This notebook screens that it can perform *train* -> *register model* -> *batch transform* -> *delete model*.

It is recommended to run this notebook in one go without a kernel restart, as the training and batch-transform jobs are short by design (i.e., +/- 5min).

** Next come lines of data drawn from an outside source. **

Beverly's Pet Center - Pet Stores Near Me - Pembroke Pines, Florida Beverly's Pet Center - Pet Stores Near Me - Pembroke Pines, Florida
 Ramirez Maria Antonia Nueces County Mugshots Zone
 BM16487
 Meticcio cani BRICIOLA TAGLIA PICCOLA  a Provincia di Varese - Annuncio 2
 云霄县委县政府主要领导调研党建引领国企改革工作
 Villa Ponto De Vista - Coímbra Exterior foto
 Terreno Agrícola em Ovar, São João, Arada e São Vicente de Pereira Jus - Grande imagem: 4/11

If there's a need to restart the kernel after the training job, then make sure to set the `train_job_name` variable after the training section.

In [None]:
%matplotlib inline
%load_ext autoreload
%autoreload 2
%config InlineBackend.figure_format = 'retina'

import pandas as pd
import numpy as np
import sagemaker as sm
from sagemaker import KMeans, KMeansModel

import smconfig

# Configuration of this screening test.
sess = sm.Session()
sm_kwargs = smconfig.SmKwargs(sm.get_execution_role())
s3_input_path = f's3://{smconfig.s3_bucket}/kmeans-input'
s3_sagemaker_path = f's3://{smconfig.s3_bucket}/sagemaker

# Enforce blocking API to screen whether this role has permissions to
# Describe{Training,Transform}Job.
block_notebook_while_training = True

# Set env vars for ! or %%.
%set_env BUCKET=$smconfig.s3_bucket
%set_env S3_INPUT_PATH=$s3_input_path
%set_env S3_SAGEMAKER_PATH=$s3_sagemaker_path

# Training job

In [None]:
estimator = KMeans(
    k=2,
    epochs=10,
    data_location=s3_input_path,
    output_path=sagemaker_output_path,
    instance_count=1,
    instance_type='ml.m5.large',
    sagemaker_session=sess,
    **sm_kwargs.train,
)

# Generate synthetic input data as protobuf files on S3.
# NOTE: SageMaker K-Means algo REQUIRES float32.
train_input = estimator.record_set(
    np.random.rand(100, 8).astype('float32')
)

# Submit a training job.
estimator.fit(train_input, wait=block_notebook_while_training)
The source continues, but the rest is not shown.